I think that we are going to have to change the Sink API as part of
SPARK-20928 <https://issues-test.apache.org/jira/browse/SPARK-20928>, which
is why I linked these tickets together.  I'm still targeting an initial
version for Spark 2.3 which should happen sometime towards the end of the
year.

There are some misconceptions in that stack overflow answer that I can
correct.  Until we improve the Source API, You should still be able to get
exactly once processing by using the batchId that is passed to the Sink.

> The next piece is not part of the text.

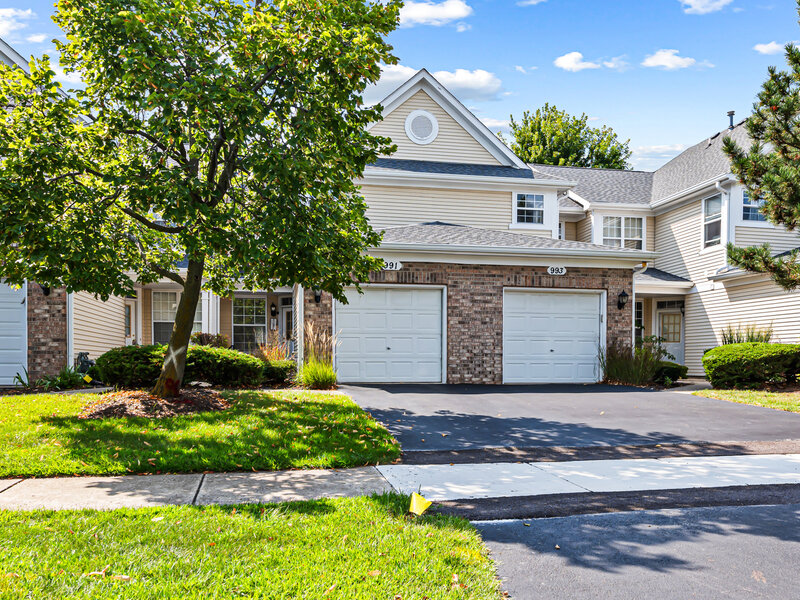 991 Sheridan Circle Naperville IL 60563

We
guarantee that the offsets present at any given batch ID will be the same
across retries by recording this information in the checkpoint's WAL. The
checkpoint does not use java serialization (like DStreams does) and can be
used even after upgrading Spark.


On Tue, Sep 12, 2017 at 12:45 AM, Dmitry Naumenko <dm.naume...@gmail.com>
wrote:

> Thanks, Cody
>
> Unfortunately, it seems to be there is no active development right now.

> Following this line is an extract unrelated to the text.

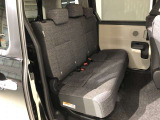 【後部座席】も当然、綺麗・清潔に仕上げております。内装の綺麗なお車は気持ちが良いですし、コンディションのいい車が多いです。これもオススメの1台です。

> Maybe I can step in and help with it somehow?
>
> Dmitry
>
> 2017-09-11 21:01 GMT+03:00 Cody Koeninger <c...@koeninger.org>:
>
>> https://issues-test.apache.org/jira/browse/SPARK-18258
>>
>> On Mon, Sep 11, 2017 at 7:15 AM, Dmitry Naumenko <dm.naume...@gmail.com>
>> wrote:
>> > Hi all,
>> >
>> > It started as a discussion in
>> > https://stackoverflow.com/questions/46153105/how-to-get-kafk
>> a-offsets-with-spark-structured-streaming-api.
>> >
>> > So the problem that there is no support in Public API to obtain the
>> Kafka
>> > (or Kineses) offsets. For example, if you want to save offsets in
>> external
>> > storage in Custom Sink, you should :
>> > 1) preserve topic, partition and offset across all transform operations
>> of
>> > Dataset (based on hard-coded Kafka schema)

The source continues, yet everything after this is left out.